The whole thing left me intrigued. Both my husband knowing about a video I don’t and the making of snow.
Fast forward to yesterday morning and I’m supposed to be going grocery shopping but really…who wants to do *that* when there's snow to be made! A little hard boiled eggs for dinner never hurt anyone, right? So even though Old Mother Hubbard would call CAS if she saw the state of my cupboards, I postponed the shopping and put a pot of water on the stove.
Not gonna lie, I was pretty excited about this experiment. And it seemed simple enough that even I couldn’t screw it up – boil water, throw outside - which is why I didn’t even bother looking at the video before I tried it.
If I had, I would have realized it needed to be a wee bit colder than it was for the experiment to work.

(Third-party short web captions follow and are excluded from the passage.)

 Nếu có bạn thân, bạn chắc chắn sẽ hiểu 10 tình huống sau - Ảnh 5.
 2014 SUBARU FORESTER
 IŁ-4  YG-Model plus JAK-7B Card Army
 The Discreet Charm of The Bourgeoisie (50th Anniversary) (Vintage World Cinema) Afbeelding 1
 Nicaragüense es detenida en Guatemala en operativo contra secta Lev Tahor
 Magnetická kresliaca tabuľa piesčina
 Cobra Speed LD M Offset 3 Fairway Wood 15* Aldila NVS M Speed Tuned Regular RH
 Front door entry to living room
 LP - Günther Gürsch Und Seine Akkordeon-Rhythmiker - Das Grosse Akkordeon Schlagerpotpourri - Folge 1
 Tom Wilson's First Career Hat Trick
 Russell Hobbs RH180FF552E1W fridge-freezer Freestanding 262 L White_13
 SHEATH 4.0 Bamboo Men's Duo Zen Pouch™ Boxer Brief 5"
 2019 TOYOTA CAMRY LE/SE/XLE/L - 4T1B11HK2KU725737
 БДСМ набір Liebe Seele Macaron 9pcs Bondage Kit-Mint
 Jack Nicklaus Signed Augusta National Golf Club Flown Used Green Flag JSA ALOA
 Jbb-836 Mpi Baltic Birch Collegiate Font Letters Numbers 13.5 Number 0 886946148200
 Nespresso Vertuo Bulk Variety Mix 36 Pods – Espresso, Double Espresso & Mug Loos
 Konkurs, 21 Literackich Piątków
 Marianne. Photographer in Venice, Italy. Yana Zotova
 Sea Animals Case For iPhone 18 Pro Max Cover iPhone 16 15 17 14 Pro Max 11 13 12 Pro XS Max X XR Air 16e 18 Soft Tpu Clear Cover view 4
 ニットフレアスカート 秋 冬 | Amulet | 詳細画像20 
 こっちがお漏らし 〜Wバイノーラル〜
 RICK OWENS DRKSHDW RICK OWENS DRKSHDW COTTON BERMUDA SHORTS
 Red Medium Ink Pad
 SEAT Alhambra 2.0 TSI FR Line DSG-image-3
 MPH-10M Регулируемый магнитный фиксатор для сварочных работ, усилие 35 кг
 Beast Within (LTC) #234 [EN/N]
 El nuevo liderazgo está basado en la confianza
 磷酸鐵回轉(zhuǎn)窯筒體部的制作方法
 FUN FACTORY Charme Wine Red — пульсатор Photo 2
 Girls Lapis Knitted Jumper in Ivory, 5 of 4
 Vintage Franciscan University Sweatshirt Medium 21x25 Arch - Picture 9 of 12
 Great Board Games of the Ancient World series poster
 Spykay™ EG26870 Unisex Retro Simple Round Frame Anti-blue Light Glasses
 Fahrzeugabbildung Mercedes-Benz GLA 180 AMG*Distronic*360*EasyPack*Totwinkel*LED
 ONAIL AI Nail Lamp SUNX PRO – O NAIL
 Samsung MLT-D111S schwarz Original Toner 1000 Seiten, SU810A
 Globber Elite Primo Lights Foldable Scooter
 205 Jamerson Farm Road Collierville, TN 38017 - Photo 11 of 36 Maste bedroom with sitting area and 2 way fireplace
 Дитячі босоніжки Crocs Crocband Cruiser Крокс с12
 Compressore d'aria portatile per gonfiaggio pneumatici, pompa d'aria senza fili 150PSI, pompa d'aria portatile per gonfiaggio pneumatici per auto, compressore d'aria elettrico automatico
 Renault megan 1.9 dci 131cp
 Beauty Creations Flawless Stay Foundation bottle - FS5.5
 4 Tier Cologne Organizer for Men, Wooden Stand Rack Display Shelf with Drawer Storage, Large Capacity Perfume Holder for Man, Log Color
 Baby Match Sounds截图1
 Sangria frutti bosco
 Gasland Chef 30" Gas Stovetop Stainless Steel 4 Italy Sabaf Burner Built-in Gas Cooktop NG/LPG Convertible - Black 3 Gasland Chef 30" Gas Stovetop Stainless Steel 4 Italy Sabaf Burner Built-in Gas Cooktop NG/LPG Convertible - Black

Water boiled, I grabbed the pot, opened the back door and threw that water as high as it could go.
On a scale of one to ten, watching a boiling pot of water not turn into snow would be about a one.
Except for the fact that I happened to look up right after the water landed and there was our tenant watching me, her landlord, randomly throwing a boiling water into the backyard.
I looked at her, she looked at me and I quickly shut the door.
I’m pretty sure she thinks I’m crazy….
Anyway, if it’s cold where you live, give it a try. Your kids will think you’re the coolest parent ever.
p.s. My new boots are awesometastic and my feet stayed toasty warm.